Reproduce verbatim the final portion of the material below, from the line containing "Borsa a Tracolla" through its last line, and nothing else.
—————
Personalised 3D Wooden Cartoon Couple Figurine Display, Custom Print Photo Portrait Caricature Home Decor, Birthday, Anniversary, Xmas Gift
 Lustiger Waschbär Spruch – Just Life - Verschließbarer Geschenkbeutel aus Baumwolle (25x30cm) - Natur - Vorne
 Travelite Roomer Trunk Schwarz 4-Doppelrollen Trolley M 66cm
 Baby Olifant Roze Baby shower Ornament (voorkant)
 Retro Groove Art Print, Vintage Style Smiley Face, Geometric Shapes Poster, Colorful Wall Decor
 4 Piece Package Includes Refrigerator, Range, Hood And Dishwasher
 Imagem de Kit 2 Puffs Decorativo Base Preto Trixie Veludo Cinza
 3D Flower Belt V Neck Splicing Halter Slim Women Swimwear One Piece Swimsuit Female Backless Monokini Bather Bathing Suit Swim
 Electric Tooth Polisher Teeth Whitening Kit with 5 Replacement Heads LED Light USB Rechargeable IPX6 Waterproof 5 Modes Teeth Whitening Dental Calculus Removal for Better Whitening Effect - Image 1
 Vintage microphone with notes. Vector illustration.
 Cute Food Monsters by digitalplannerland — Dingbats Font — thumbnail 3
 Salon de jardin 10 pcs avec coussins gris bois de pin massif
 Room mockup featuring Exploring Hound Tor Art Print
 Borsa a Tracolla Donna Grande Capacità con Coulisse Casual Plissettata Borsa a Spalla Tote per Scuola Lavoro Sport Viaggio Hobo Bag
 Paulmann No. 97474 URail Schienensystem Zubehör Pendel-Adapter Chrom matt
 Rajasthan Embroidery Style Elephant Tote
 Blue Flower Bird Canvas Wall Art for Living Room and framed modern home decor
—————
*Exercise response:*
 Borsa a Tracolla Donna Grande Capacità con Coulisse Casual Plissettata Borsa a Spalla Tote per Scuola Lavoro Sport Viaggio Hobo Bag
 Paulmann No. 97474 URail Schienensystem Zubehör Pendel-Adapter Chrom matt
 Rajasthan Embroidery Style Elephant Tote
 Blue Flower Bird Canvas Wall Art for Living Room and framed modern home decor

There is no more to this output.